━━━━━ SUPPLIED ENTRIES

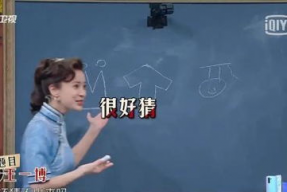 穿越娱乐圈之吃瓜群众,从吃瓜群众到风云人物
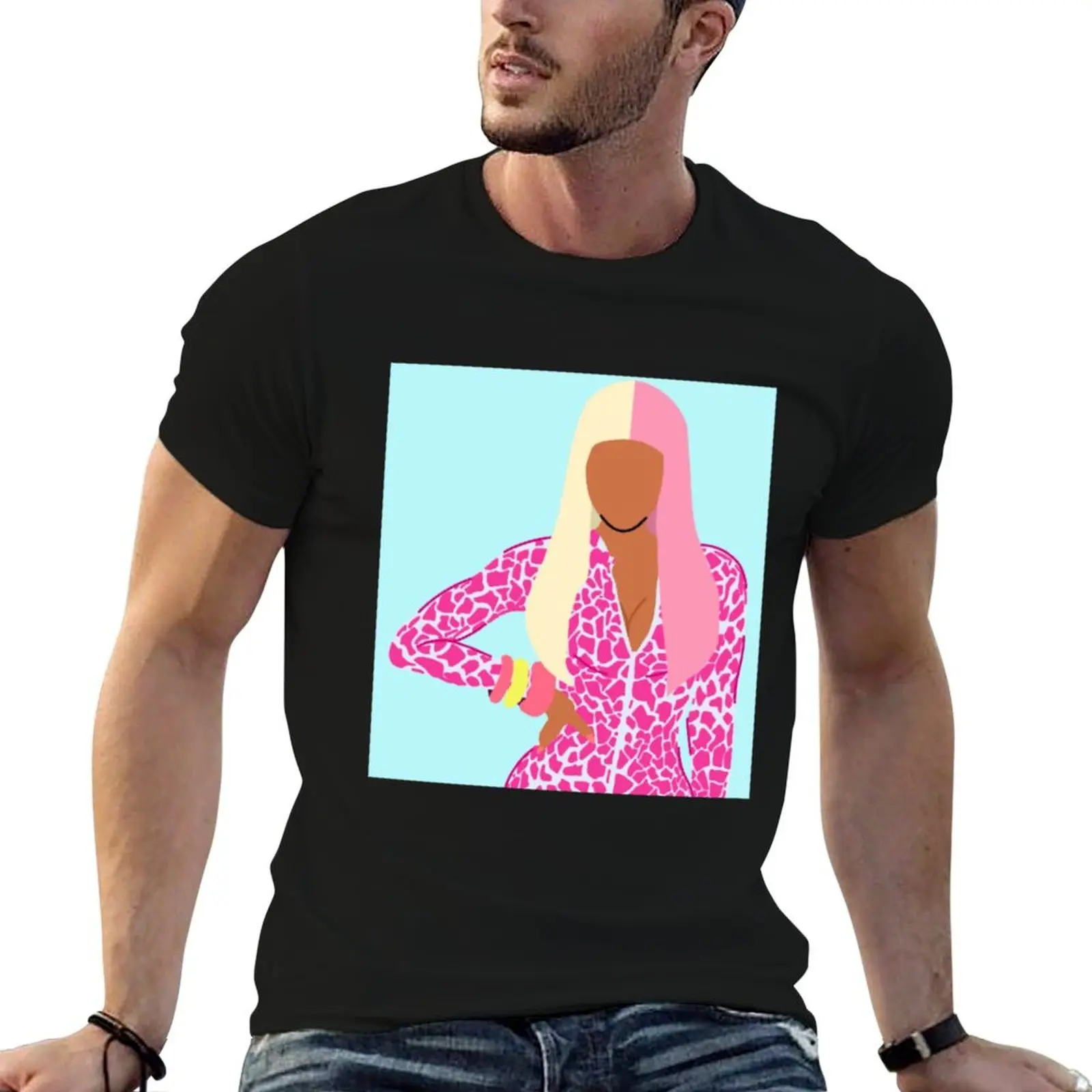 shirt t man t man shirts Minaj Bass T-Shirt Nicki Super for graphic printed .png
shirt t man t man shirts Minaj Bass T-Shirt Nicki Super for graphic printed .png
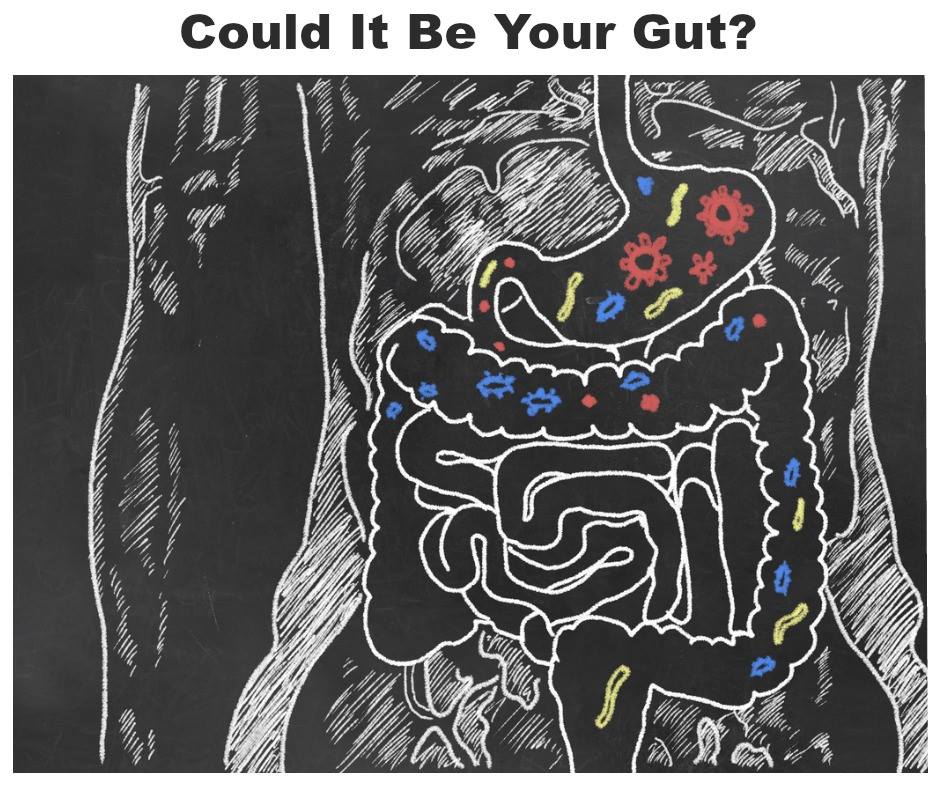 IntWell_Center's tweet image. If you are #experiencing any of these #symptoms know that we are here to #help you!
drrichajoy.com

━━━━━━━━━━

ACTIVITY
Exactly as they stand, retype all the entries, but omit the pictures.

SOLUTION TO THIS PROBLEM
 穿越娱乐圈之吃瓜群众,从吃瓜群众到风云人物
 shirt t man t man shirts Minaj Bass T-Shirt Nicki Super for graphic printed .png
shirt t man t man shirts Minaj Bass T-Shirt Nicki Super for graphic printed .png
 IntWell_Center's tweet image. If you are #experiencing any of these #symptoms know that we are here to #help you!
drrichajoy.com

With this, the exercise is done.